The manipulation pattern here is layering. A true core — disability groups genuinely oppose MAID laws — gets wrapped in unverifiable specifics: a coalition with no paper trail, a lawsuit in a state with no law to challenge, and a second lawsuit with no court record. Each layer sounds plausible because the one before it was real. The tell is always the absence of a case number, a court, or a filing date. When a claim about federal litigation offers none of those, treat it as unconfirmed until PACER says otherwise.

Sources

  • Disability Rights New York / Not Dead Yet press coverage, 2023

    Disability rights groups including Not Dead Yet and Disability Rights New York were involved in advocacy and legal challenges against New York's Medical Aid in Dying Act (S.4840), but the specific named coalition 'End Assisted Suicide Coalition' is not a well-documented formal legal entity filing federal suits.

  • United Spinal Association official statements

    United Spinal Association has publicly opposed medical aid in dying legislation and has engaged in advocacy against such laws, but no specific federal lawsuit filed by United Spinal Association against New York or Illinois MAID laws is confirmed in available public records as of early 2025.

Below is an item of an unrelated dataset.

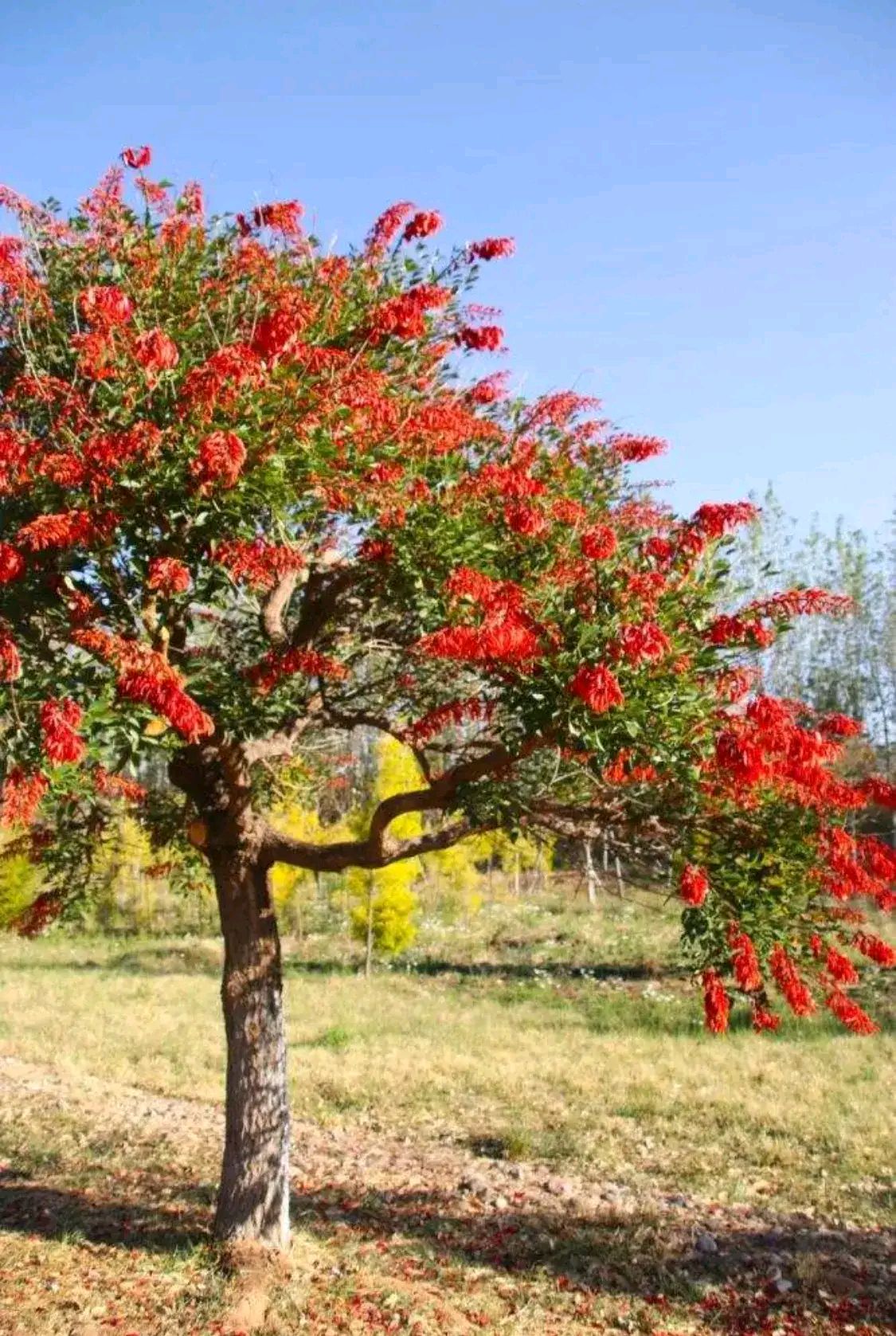 鸡冠树花开红艳艳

  • New York Medical Aid in Dying Act legislative history

    New York's Medical Aid in Dying Act was introduced repeatedly in the state legislature but had not been enacted into law as of early 2025, making a federal lawsuit challenging an enacted New York MAID law legally premature and unverifiable.

  • Illinois End-of-Life Options Act (SB 3499), 2024

    Illinois Governor Pritzker signed the End-of-Life Options Act into law in August 2024, effective January 1, 2026. No confirmed federal lawsuit filed by the named groups specifically challenging this law appears in available court records as of early 2025.

  • PACER (Public Access to Court Electronic Records) — federal court filings

    A search of federal court filings would be required to confirm any lawsuit by these specific named organizations; no widely reported or confirmed federal case by an 'End Assisted Suicide Coalition' against New York or Illinois MAID laws is documented in major legal or news databases as of early 2025.

  • Not Dead Yet — disability rights organization

    Not Dead Yet, a prominent disability rights group opposing assisted dying, has engaged in legal and legislative opposition to MAID laws but is not identified in the claim; the specific 'End Assisted Suicide Coalition' named in the claim is not a recognized major disability advocacy organization in publicly available records.